Something about her words triggered something in his mind, some kind of sense that he was still missing a clue. They bit at him, and Bogo tried remembering what it had been. There was something that seemed important, something dancing just outside his ability to recall. But what could it possibly be? He frowned. You're growing old and forgetful, Lord Bogo, a memory seemed to surface from the hazy recesses of his mind, What is it to forget one more thing?
Bogo's frown deepened, and he missed whatever it was that the princess said in response to the queen's words. Who had said that to him? Certainly he hadn't been open about his growing tendency for his focus to wander, but maybe that wasn't the important part. Maybe that was just his own doubts and uncertainties giving themselves a voice, but there was something he was missing, some critical clue he had seen but hadn't recognized the importance of.
But what was it?
Cencerro's explanation, brief though it had been, had fit all the details perfectly. And she had confessed, too, which greatly limited her ability to do anything else. She was now securely locked away under heavy guard, her own personal guard similarly monitored, and until Bogo had a chance to thoroughly review and investigate her confession Cerdo and Corazón would not have their freedom either. It should have felt perfectly safe, but some paranoid twinge in his gut refused to ease.
What was he missing?
The edges of Bogo's vision seemed to dwindle as he considered the matter, turning everything he could over in his head. There was something about Cencerro's confession that refused to sit right with him, but was that really so odd? Mammals confessed to their crimes all the time, after all. Sometimes there was just nothing else that they could do, and rather than delay the inevitable they simply gave up. He'd have to accept it, give in to the idea that as his ability to focus had dwindled he had missed something.
You're growing old and forgetful, Lord Bogo.

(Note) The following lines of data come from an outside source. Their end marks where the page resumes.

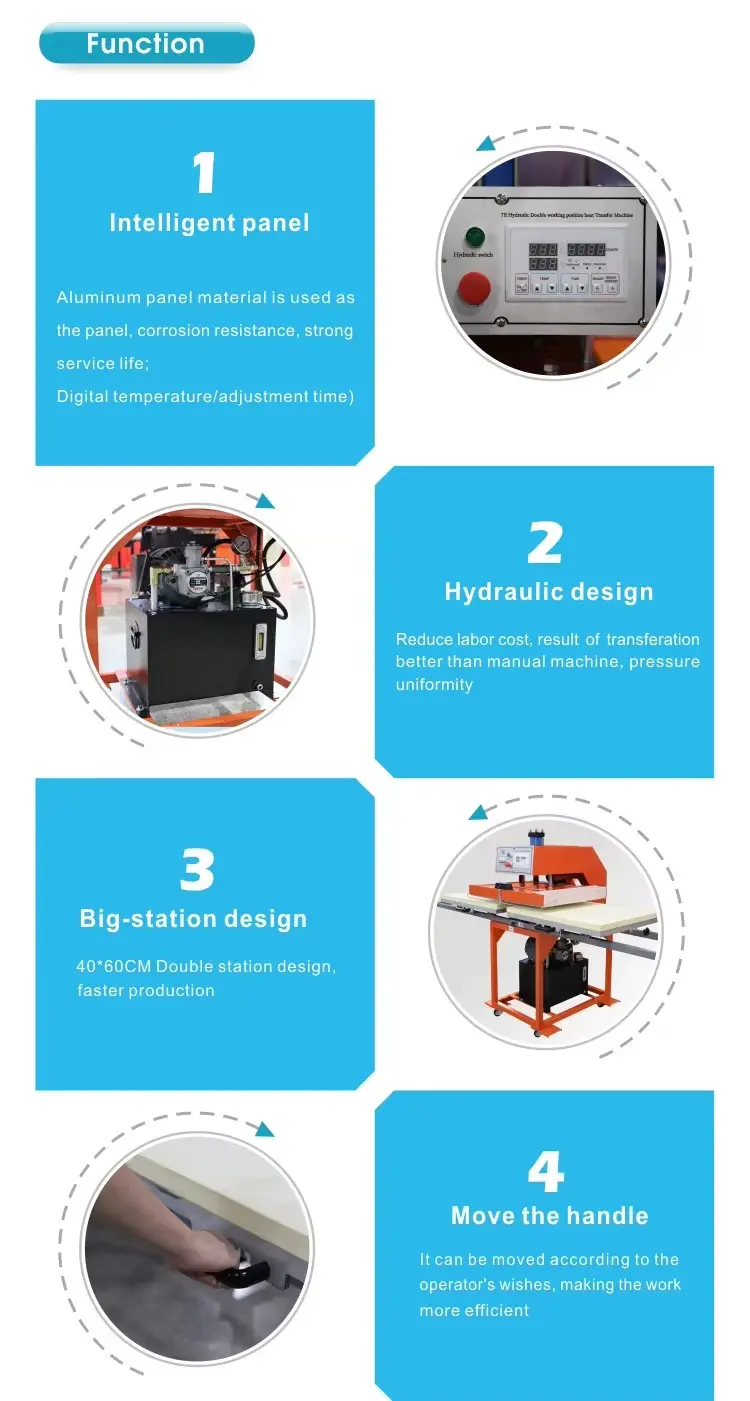 Direct Supply Hydraulic Double Station Heat Press Machine detail image 2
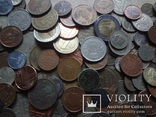 Супер- Гора монет с нашими и зарубежными (617 штук.), фото №6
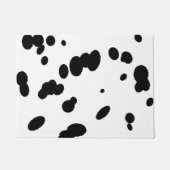 Dalmatische vlekken Zwart-wit hondenbont Print Deurmat (Voorkant)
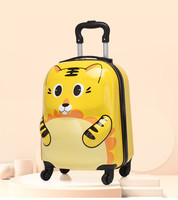 Maleta Infantil con Diseño de Tigre de Dibujos Animados, Precio al por Mayor, Maleta Rígida con Ruedas Giratorias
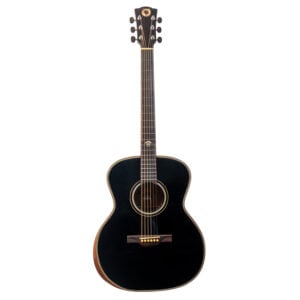 Merida Castellan Electro Acoustic Guitar with Deluxe Gig Bag and Protective Slip Cover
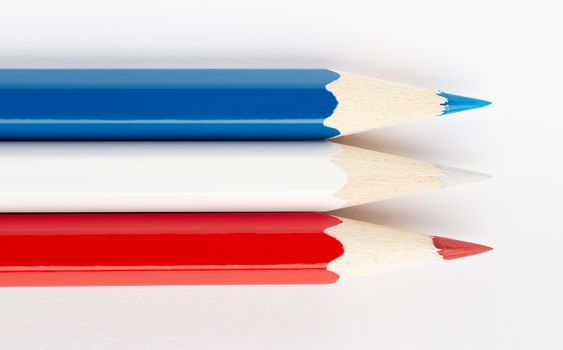 The Flags of different countries on a white background from colored pencils Serbia and Montenegro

What is it to forget one more thing?
The words repeated themselves in Bogo's mind and he stood without realizing he was going to do so as something clicked into place. "Commandant Totchli and Captain Nicholas," he said abruptly, ignoring the looks of mild surprise he had received, "There's something I need your help investigating."
"Now, sir?" Totchli asked, looking moderately puzzled at his sudden decision.
"Now," Bogo said.
Perhaps he was wrong. It was a mad idea, and if he was wrong it'd be the smart thing to step down from his position as captain general immediately. But if he was right, the danger wasn't even close to over.
Author's Notes:
Molasses is a fairly stable and calorie-rich product that has been made for hundreds of years, explaining why an army would have bothered to take it along; one of the last things you want is for your army to be so undernourished that it can't effectively fight.
Bogo pulls Cencerro away from the queen, rather than the other way around, as it is common protocol that members of the royal family are not to be touched beyond a handshake. This is becoming less of a rule of protocol in the modern world; while British tabloids in particular have tried making a furor out of recent incidents in which Queen Elizabeth was touched, spokespeople for the palace have made it clear that she did not take offense.